Photographie de nature morte avec le GFX100

Si photographier des montres en utilisant la technique de la nature morte peut être un exercice passionnant, il n’en est pas moins difficile. Ce genre de photographie nécessite beaucoup de patience et d’attention aux détails pour capturer la beauté et l’élégance des montres, et les rendre attrayantes à travers l’image.

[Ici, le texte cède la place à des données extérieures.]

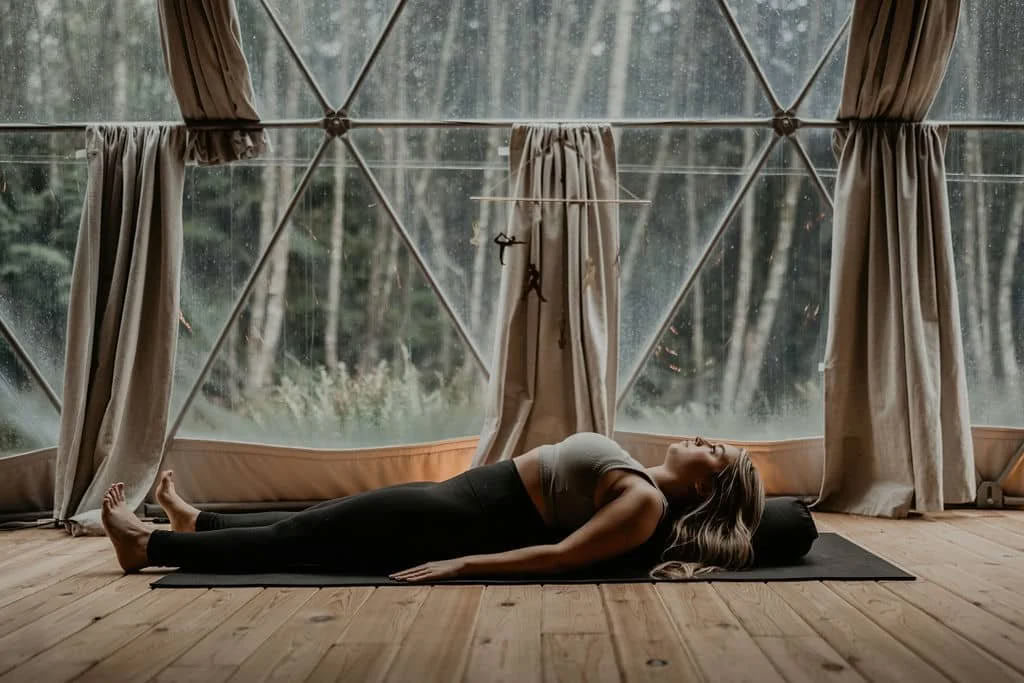 Movement and Mindfulness Day Retreat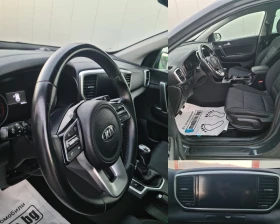 Kia Sportage 1.6GDI ECOGPL FACELIFT, снимка 8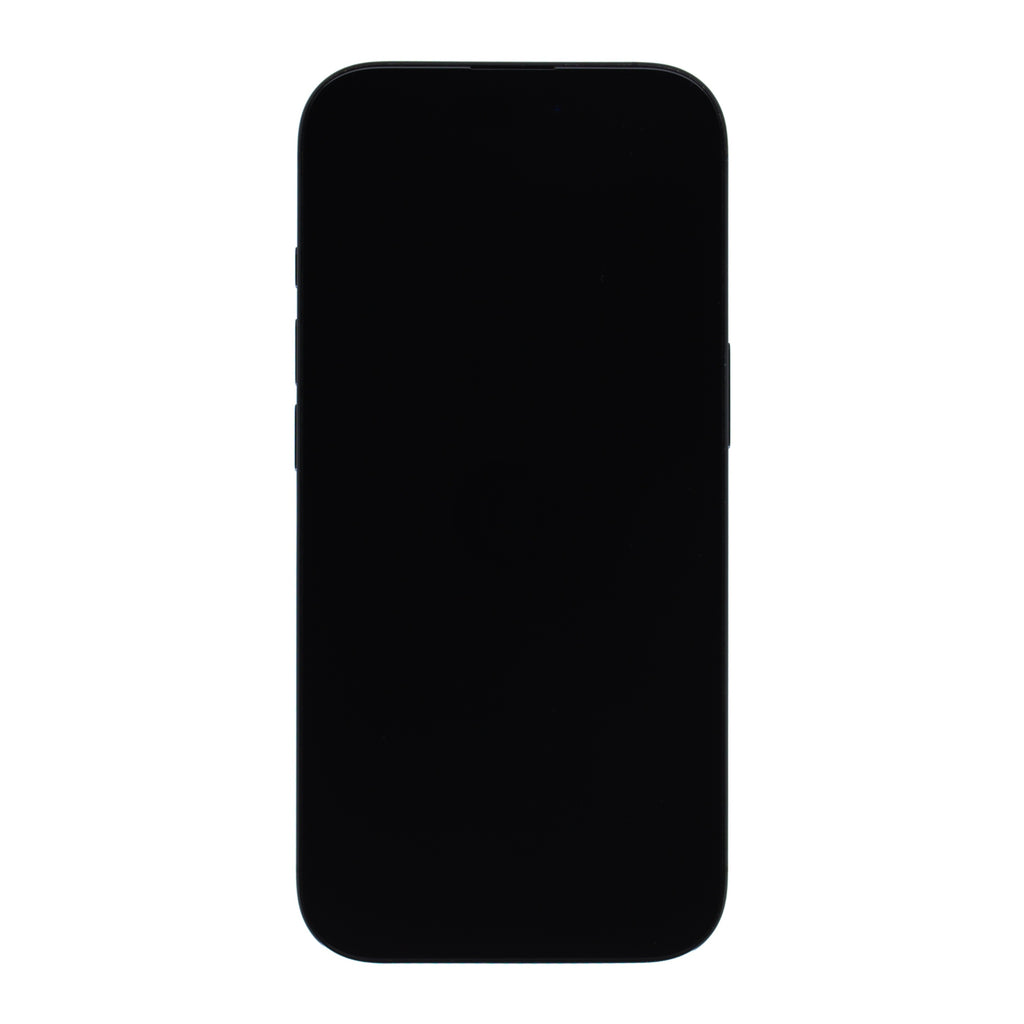 95新 Apple iPhone 16 Pro 256G 黑色鈦金屬 中國大陸版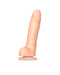 Strap-On-Me - Sliding Skin Realistische Dildo - Lichte Huidskleur-Erotiekvoordeel.nl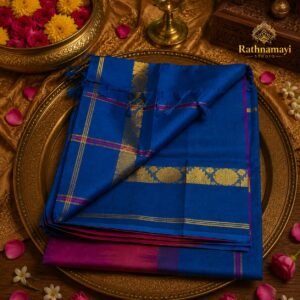 Pure Silk Cotton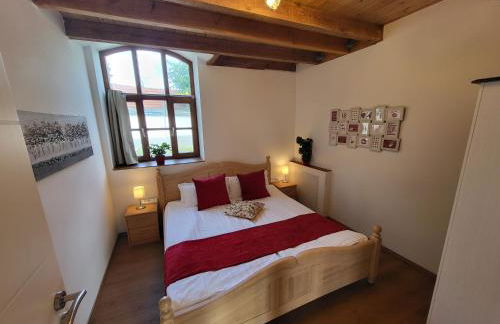 Gutshof Kehnert - Pension & Ferienwohnungen - Foto 18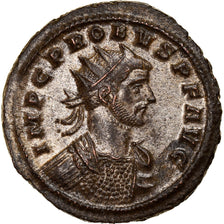 Coin, Probus, Antoninianus, 277, Siscia, MS(60-62), Billon, RIC:720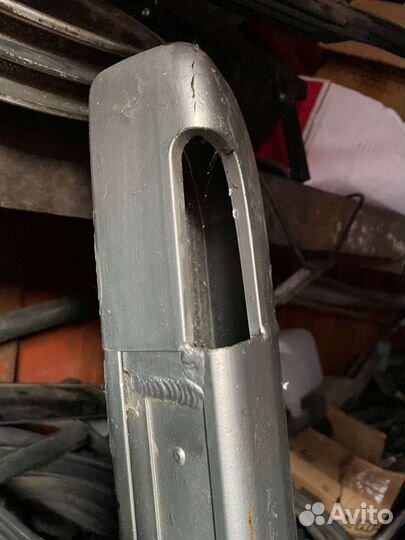 Подножка на внедорожник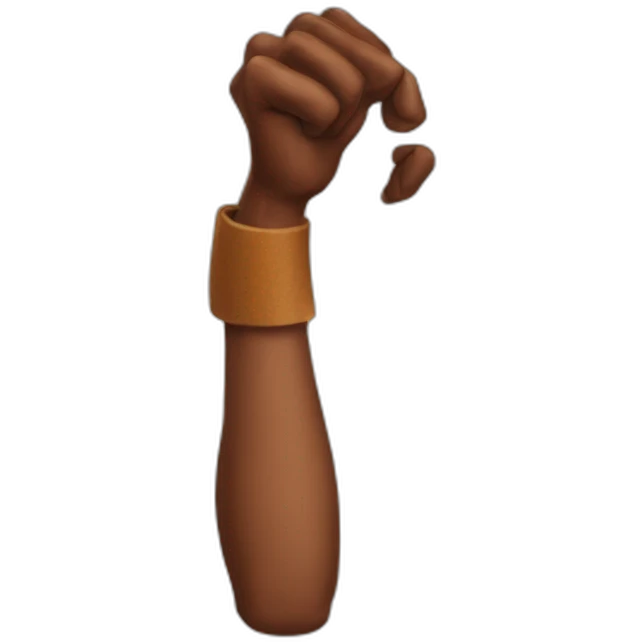 freddy krueguer claws emoji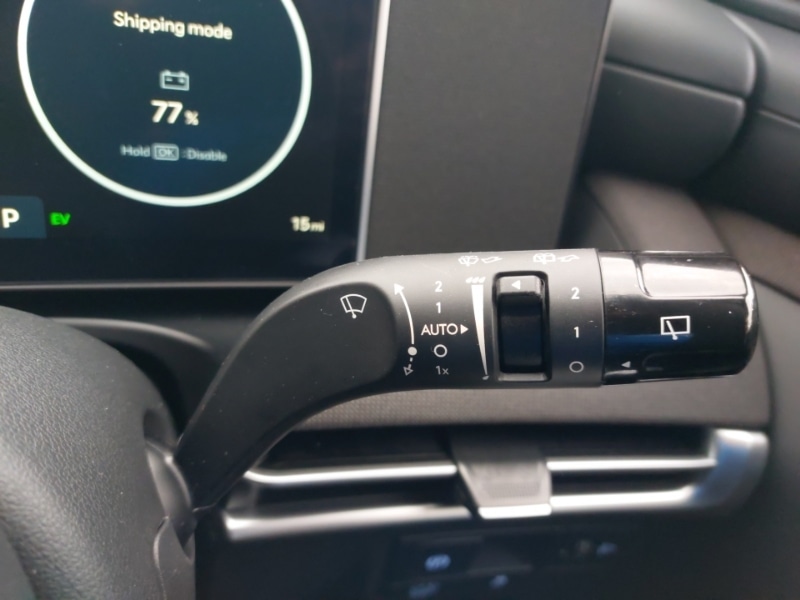 Used Hyundai TUCSON 2025 for sale - 77304346: Photo 13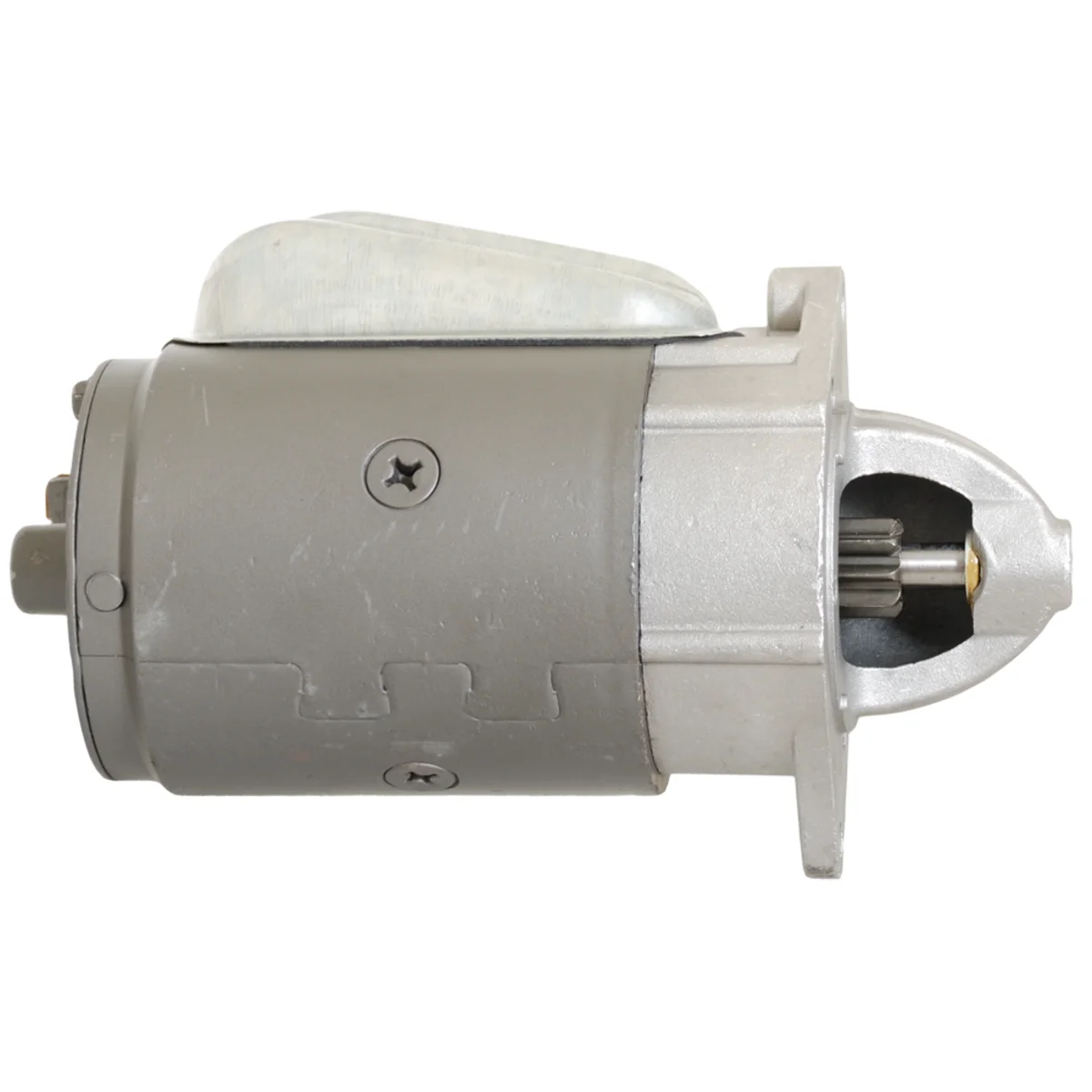 Jeep AMC Starter motor 12V, 77>81
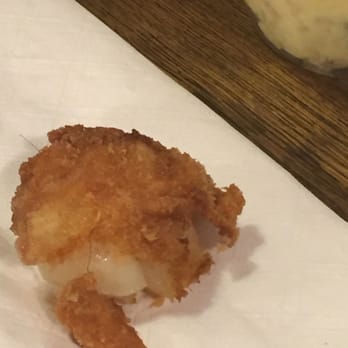 Captain Shrimp - Seafood Near Me - Chicago, Illinois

L’un des principaux défis est de représenter fidèlement le produit. Les montres sont des objets délicats, riches en détails et aux reflets complexes, autant de caractéristiques qui nécessitent une technique appropriée. Elles sont souvent composées de matériaux réfléchissants tels que le verre, l’acier inoxydable poli ou la céramique. Ces matériaux peuvent créer des reflets indésirables ou des effets de miroir, ce qui peut distraire l’attention ou masquer les détails de l’objet. Par conséquent, il est essentiel d’utiliser habilement la lumière pour minimiser ou contrôler ces reflets. En bref, en plus de l’attention « normale » que requiert la photographie de produits, les montres nécessitent certainement des qualités techniques supplémentaires.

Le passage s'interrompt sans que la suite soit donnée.